The
apparent random racial beating over the weekend of Matthew Yglesias, perhaps the most influential political blogger of his generation, raises questions about what ought to be considered a hate crime.
There's a vast amount of confusion in our society because the megaphone is routinely seized by hate-filled pundits who denounce everybody they hate as being driven by hate. So, the concept of a "hate crime" is murky, to say the least.
But, society does have an interest in deterring through harsher penalties crimes
not of passion but of premeditated malice, cold-blooded crimes that occur only because of animus toward groups. Quite possibly, "hate crimes" is the wrong term completely for these types of actions, but that seems to be what we are stuck with.
My view is that motivation for a crime should matter some in punishing the crime.
For example, by way of analogy, I particularly loathe
witness-murdering.
Consider two homicides:
- A man comes home and finds another man in bed with his wife. In a jealous rage, he strikes the man with a blunt object. He immediately calls 9-11 and asks for an ambulance for his victim.
- Two men are robbing a liquor store with a confederate. One robber realizes that the lone customer in the store went to school with him and could identify him. He tells his colleague (in a conversation recorded on a hidden security camera's microphone) that because he already has two strikes against him, if that customer testifies, he'll go to jail for life. So, he then shoots the customer and the clerk to silence them. There are no other motives for the murders.
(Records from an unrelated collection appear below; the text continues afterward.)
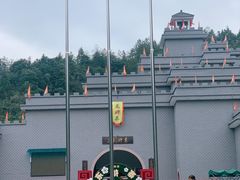 -修水东浒寨风景区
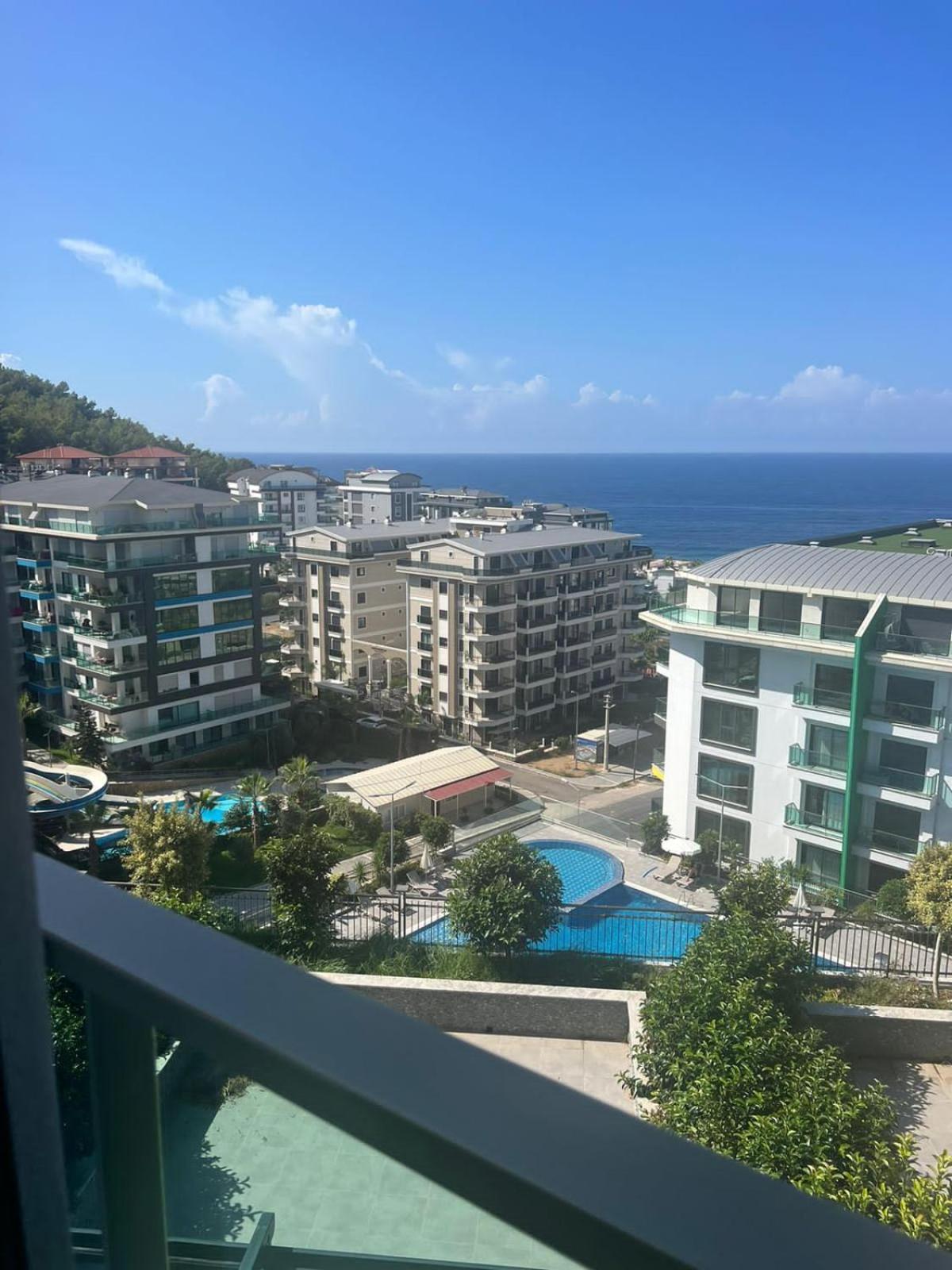 Konak Premium Seaside Studio Kargicak  Exterior foto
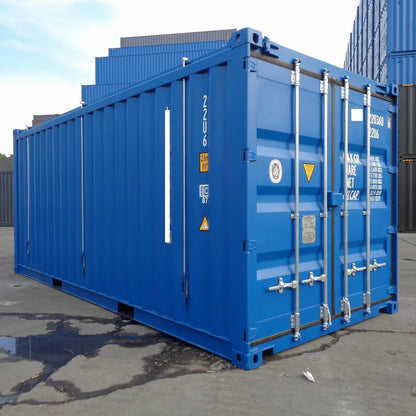 20′ Storage Container image 3
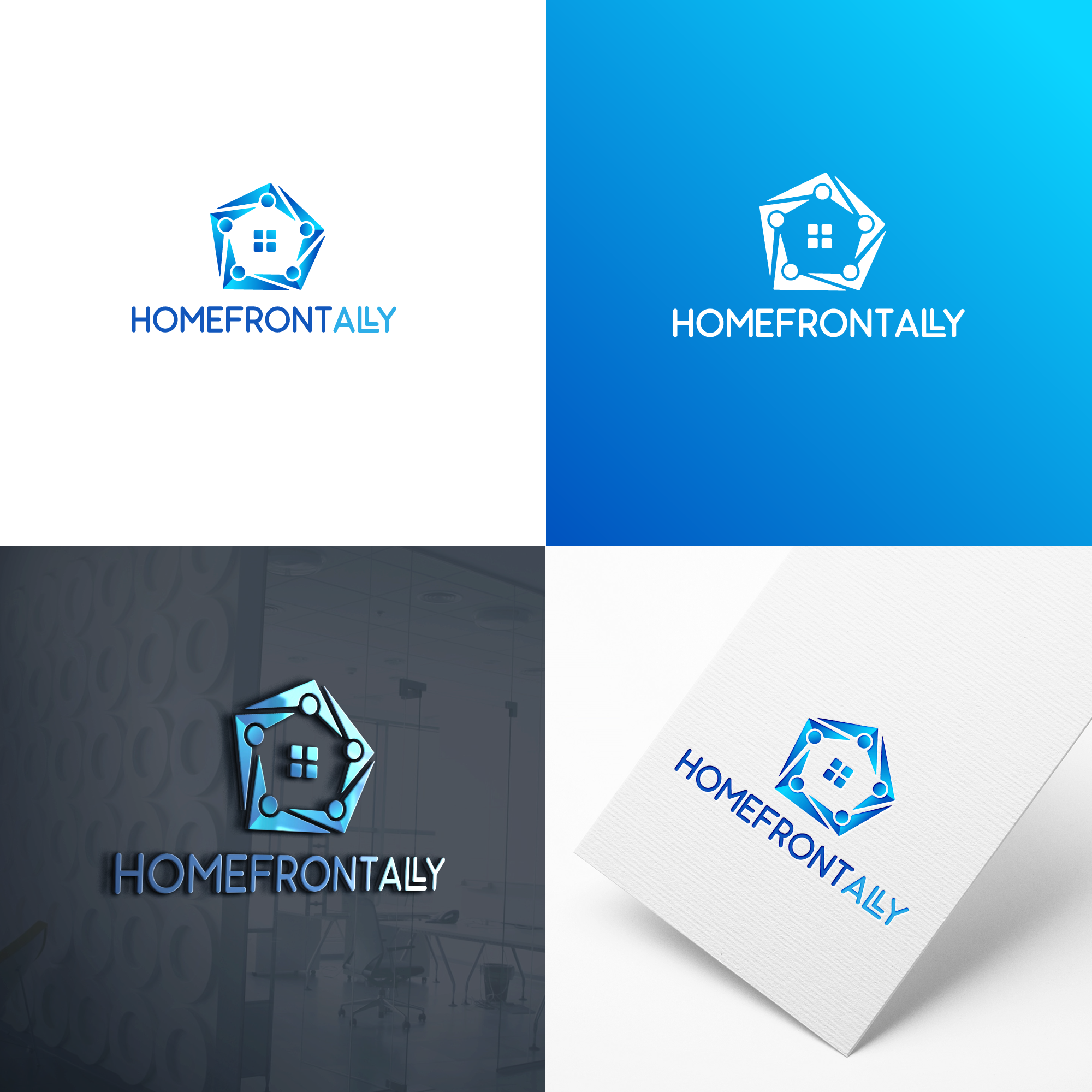 Logo Design by Obi.K for this project | Design #32560692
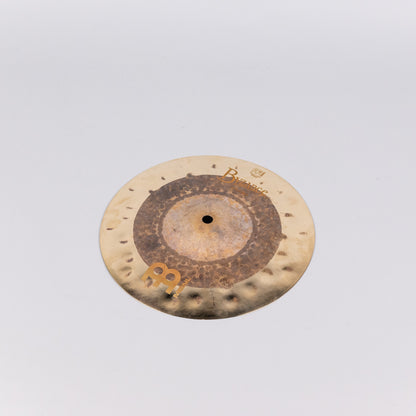 Meinl 10" Byzance Extra Dry Dual Splash Cymbal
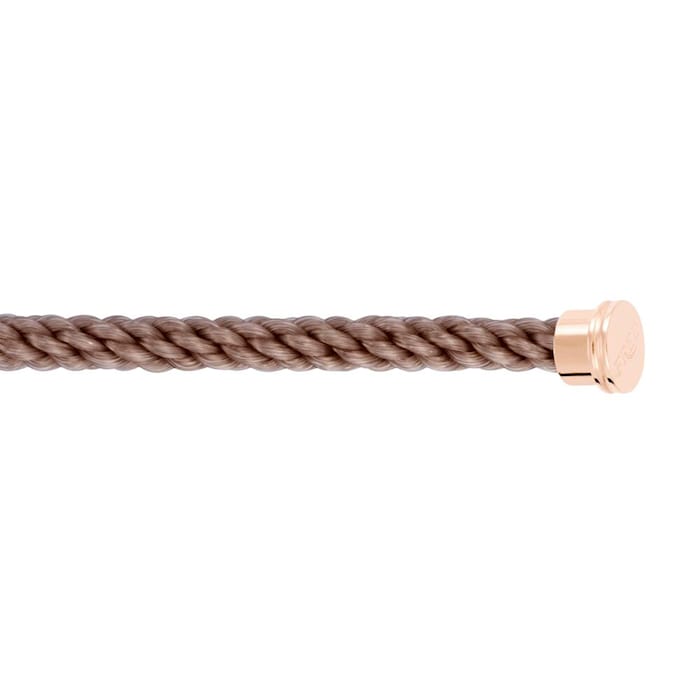 Fred Force 10 Taupe Cable Large Model - Size 16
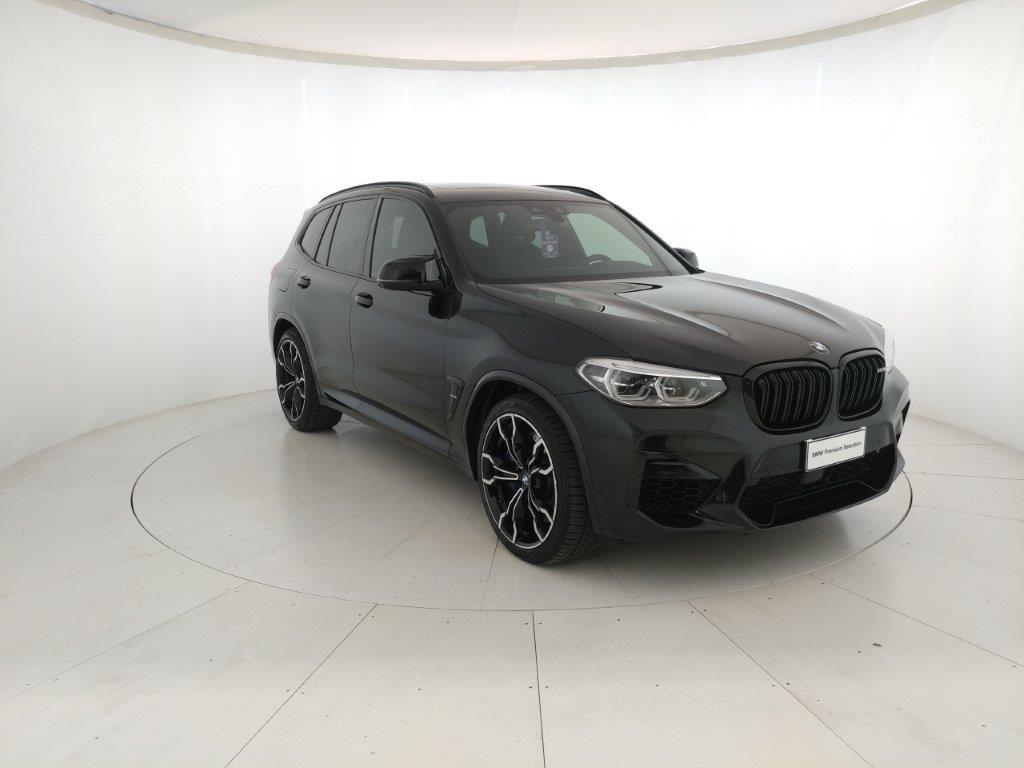 BMW X3M 3.0 Competition xDrive Steptronic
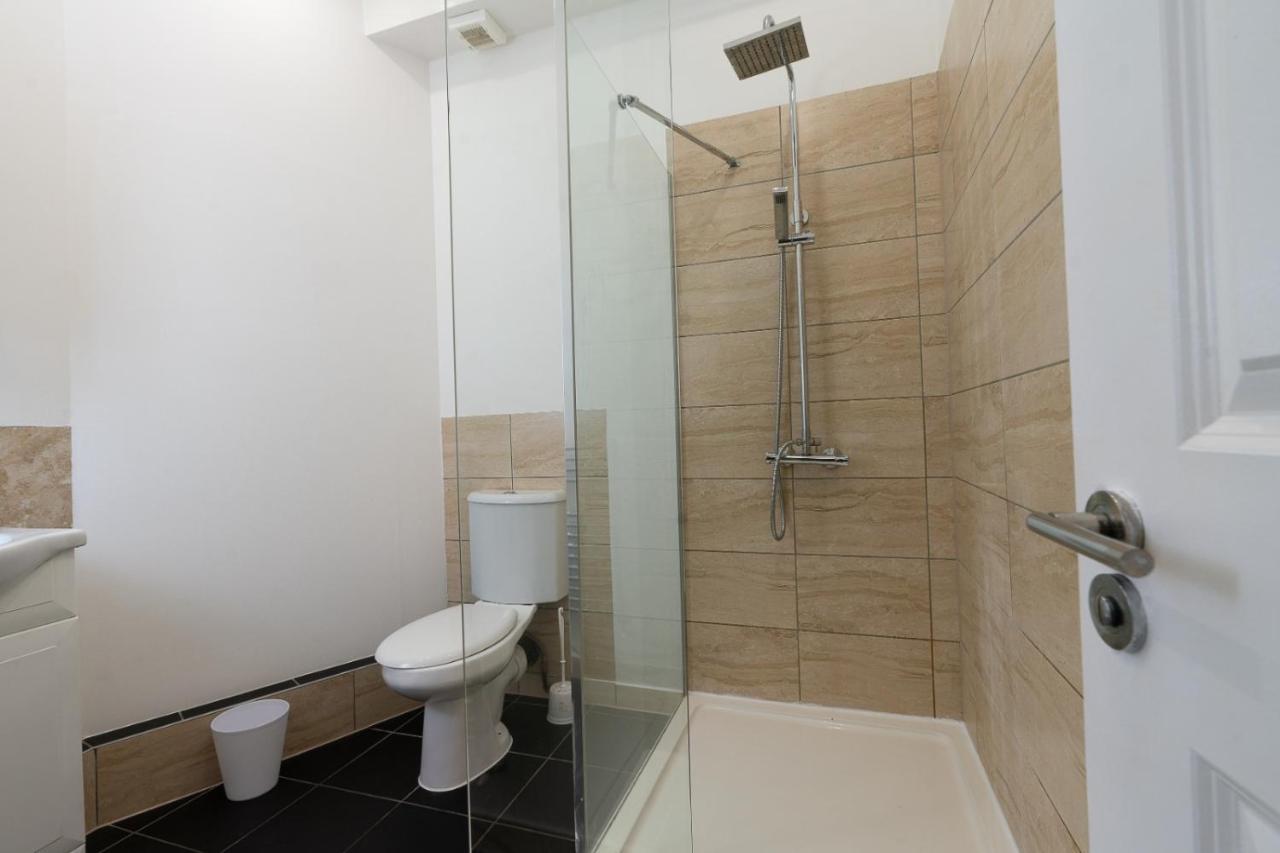 Cosy Studio In Liverpool City Centre Apartment Exterior foto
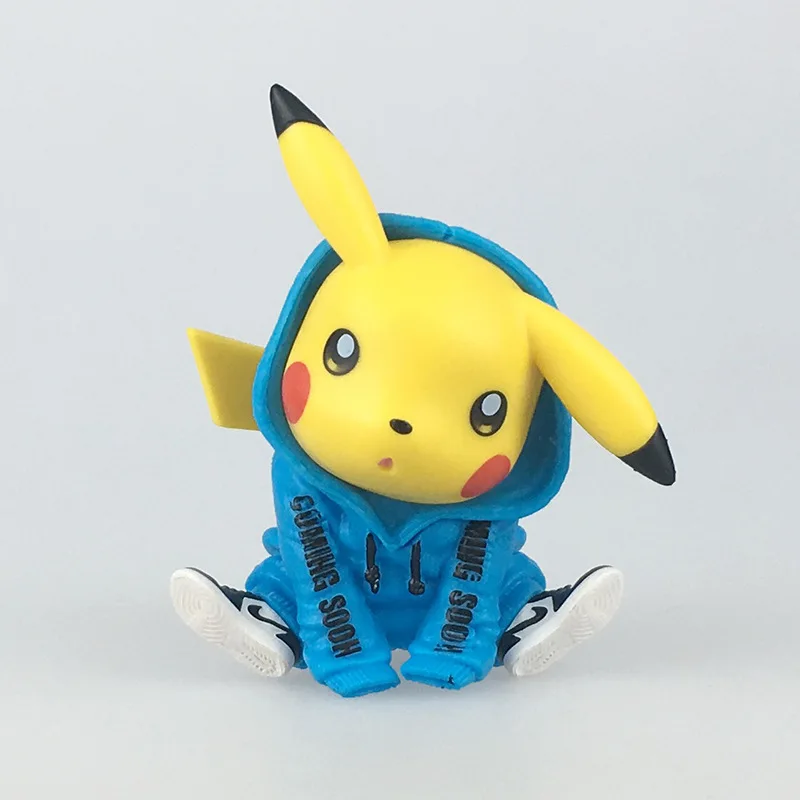 ポケモンフィギュア,ピカチュウ,スウェットシャツ,バーセット,誕生日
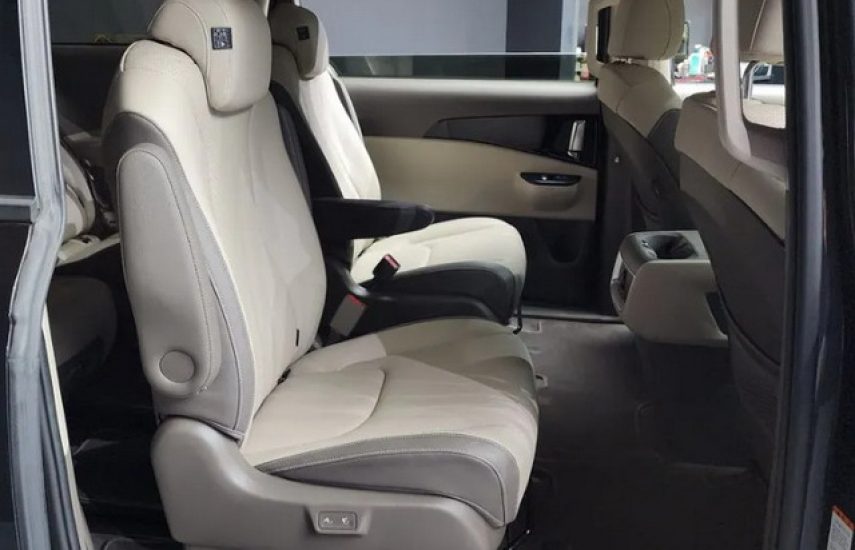 Kia Carnival 2.2 CRDi AT Prestige 2020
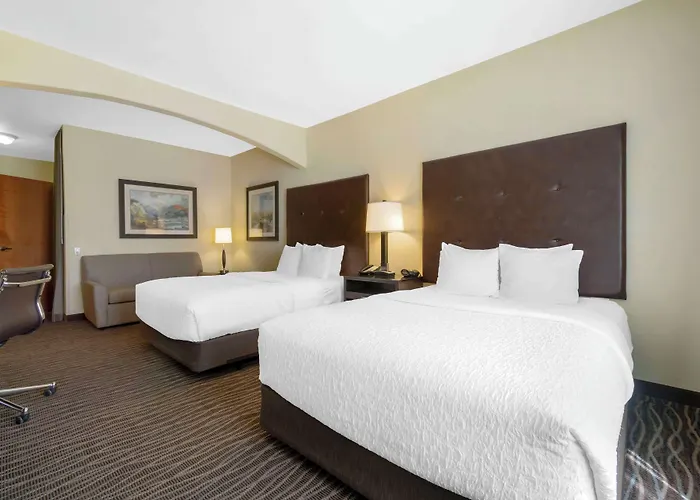 Best Western Plus Ellensburg Hotel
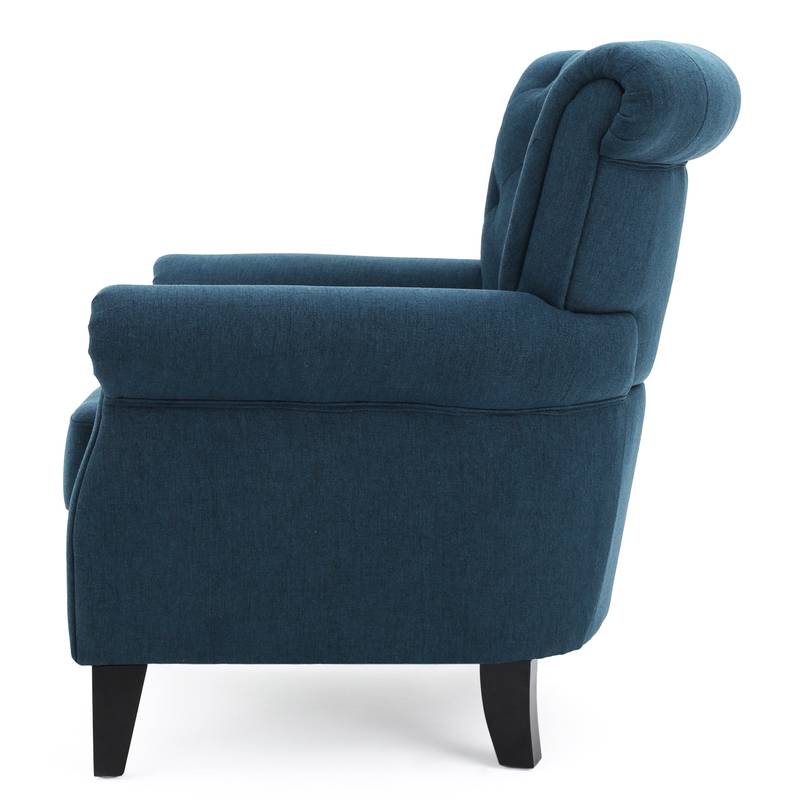 Cozy Tufted Chair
I think that in an era of long sentences, the death penalty can play a useful role in stigmatizing and deterring cold-blooded witness-murdering, but it wouldn't be right in the first case, a classic crime of passion.
Similarly, consider two crimes that might be subject to additional hate crime penalties:
- A man comes home and finds another man in bed with his wife. In a jealous rage, he calls her a "bitch" and punches her.
- Two men are sitting around bored and decide to go "polar bear hunting," planning to punch any random white man they see walking through their neighborhood in the back of the head, then kicking him.
Now, it's not uncommon for prosecutors to attempt to pile on hate crime penalties in cases where a member of a less legally privileged group uses, during a fit of rage, an epithet for a member of a more legally privileged group. But, clearly, the cuckolded man didn't sock his cheating wife because she was a woman, but because she was cheating. Punishing him extra for saying the epithet "bitch" is severely confusing cause and effect for no good purpose in deterring future violence.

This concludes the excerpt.